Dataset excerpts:
________________________________________
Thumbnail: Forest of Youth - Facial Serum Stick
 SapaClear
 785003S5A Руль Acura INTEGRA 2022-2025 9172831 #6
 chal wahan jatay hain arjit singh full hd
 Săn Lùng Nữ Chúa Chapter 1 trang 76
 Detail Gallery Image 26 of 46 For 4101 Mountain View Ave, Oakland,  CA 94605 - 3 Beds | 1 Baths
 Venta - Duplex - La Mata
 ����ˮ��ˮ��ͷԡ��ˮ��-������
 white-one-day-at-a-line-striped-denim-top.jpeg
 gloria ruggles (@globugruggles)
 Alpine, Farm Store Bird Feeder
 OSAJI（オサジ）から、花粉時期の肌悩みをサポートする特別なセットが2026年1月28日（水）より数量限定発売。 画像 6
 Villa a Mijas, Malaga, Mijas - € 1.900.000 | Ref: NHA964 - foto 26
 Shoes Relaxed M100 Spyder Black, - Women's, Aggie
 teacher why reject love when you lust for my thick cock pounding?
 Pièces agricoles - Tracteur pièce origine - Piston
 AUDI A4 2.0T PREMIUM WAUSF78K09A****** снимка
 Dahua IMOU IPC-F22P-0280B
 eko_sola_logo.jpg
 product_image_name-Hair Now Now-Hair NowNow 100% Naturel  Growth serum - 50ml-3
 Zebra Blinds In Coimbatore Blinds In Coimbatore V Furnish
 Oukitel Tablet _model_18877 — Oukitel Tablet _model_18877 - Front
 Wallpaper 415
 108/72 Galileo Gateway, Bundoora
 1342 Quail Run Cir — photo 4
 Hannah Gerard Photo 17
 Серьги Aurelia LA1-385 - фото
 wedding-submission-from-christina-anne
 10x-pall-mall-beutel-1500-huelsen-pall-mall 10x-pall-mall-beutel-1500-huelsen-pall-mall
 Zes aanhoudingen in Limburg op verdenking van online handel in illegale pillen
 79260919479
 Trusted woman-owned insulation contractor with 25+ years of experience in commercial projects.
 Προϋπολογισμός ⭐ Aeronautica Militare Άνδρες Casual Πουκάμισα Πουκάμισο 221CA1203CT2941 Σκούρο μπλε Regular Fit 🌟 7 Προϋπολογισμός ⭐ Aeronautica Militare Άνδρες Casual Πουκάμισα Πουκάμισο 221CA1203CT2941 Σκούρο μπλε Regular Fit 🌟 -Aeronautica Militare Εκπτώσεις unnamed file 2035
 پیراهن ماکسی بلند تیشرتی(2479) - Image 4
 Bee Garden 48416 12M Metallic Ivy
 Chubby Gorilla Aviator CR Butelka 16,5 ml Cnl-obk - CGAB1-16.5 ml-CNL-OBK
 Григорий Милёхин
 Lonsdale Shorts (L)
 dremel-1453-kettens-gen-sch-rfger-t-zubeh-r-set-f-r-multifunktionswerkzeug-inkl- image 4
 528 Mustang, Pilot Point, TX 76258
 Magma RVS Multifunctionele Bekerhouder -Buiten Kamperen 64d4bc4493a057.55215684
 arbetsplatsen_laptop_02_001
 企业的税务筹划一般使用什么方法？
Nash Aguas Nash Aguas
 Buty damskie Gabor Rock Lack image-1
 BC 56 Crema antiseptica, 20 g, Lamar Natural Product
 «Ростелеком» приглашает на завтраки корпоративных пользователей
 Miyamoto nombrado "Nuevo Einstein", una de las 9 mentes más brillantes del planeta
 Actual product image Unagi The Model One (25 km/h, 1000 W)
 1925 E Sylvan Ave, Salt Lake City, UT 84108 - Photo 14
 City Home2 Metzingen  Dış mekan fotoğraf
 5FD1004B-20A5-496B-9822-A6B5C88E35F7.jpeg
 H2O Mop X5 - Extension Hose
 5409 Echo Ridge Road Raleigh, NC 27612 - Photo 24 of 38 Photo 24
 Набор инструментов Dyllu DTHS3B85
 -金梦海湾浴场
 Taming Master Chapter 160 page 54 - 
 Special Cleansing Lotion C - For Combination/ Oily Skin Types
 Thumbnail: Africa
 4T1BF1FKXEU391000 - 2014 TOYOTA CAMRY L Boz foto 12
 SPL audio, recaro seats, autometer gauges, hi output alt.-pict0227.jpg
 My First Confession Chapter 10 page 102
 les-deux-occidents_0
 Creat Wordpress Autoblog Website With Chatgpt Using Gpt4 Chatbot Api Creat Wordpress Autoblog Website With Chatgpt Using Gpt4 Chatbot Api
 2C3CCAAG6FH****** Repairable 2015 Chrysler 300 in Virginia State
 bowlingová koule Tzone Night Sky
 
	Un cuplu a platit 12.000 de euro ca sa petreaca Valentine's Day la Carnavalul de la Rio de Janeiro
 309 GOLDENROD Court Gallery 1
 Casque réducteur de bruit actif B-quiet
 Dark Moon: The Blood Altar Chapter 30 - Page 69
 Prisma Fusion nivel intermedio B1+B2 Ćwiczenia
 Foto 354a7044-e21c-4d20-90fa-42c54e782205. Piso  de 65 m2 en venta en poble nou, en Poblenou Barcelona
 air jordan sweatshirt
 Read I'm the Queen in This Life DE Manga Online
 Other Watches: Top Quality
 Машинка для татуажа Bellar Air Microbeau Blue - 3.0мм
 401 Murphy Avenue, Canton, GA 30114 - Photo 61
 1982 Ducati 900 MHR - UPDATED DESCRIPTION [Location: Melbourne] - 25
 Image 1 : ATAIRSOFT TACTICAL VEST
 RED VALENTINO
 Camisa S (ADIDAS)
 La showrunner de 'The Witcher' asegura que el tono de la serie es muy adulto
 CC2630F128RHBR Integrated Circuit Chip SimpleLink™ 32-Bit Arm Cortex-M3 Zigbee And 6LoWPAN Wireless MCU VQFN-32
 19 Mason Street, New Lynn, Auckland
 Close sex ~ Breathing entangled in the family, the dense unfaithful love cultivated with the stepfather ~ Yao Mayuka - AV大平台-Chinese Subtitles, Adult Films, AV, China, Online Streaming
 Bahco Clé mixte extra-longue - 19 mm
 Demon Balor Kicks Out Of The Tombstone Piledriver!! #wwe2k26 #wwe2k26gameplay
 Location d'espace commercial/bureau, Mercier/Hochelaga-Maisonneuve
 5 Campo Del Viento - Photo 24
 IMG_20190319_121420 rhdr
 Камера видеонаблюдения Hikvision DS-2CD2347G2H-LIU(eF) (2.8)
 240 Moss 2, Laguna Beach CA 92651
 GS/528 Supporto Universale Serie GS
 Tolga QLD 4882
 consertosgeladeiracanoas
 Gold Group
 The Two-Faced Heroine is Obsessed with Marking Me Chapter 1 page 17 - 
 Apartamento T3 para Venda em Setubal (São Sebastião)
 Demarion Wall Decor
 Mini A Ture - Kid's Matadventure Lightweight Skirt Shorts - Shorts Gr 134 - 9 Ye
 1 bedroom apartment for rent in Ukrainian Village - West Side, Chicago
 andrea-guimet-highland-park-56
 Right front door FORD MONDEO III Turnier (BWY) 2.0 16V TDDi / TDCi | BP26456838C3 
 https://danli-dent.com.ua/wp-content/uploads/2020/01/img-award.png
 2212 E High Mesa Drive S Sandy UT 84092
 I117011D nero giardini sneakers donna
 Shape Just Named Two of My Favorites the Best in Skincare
________________________________________
What to work on: Please set down exactly the lines running from the one with "andrea-guimet-highland-park-56" to the last line of the entries above, both of them included, and no others.

Output below:
 andrea-guimet-highland-park-56
 Right front door FORD MONDEO III Turnier (BWY) 2.0 16V TDDi / TDCi | BP26456838C3 
 https://danli-dent.com.ua/wp-content/uploads/2020/01/img-award.png
 2212 E High Mesa Drive S Sandy UT 84092
 I117011D nero giardini sneakers donna
 Shape Just Named Two of My Favorites the Best in Skincare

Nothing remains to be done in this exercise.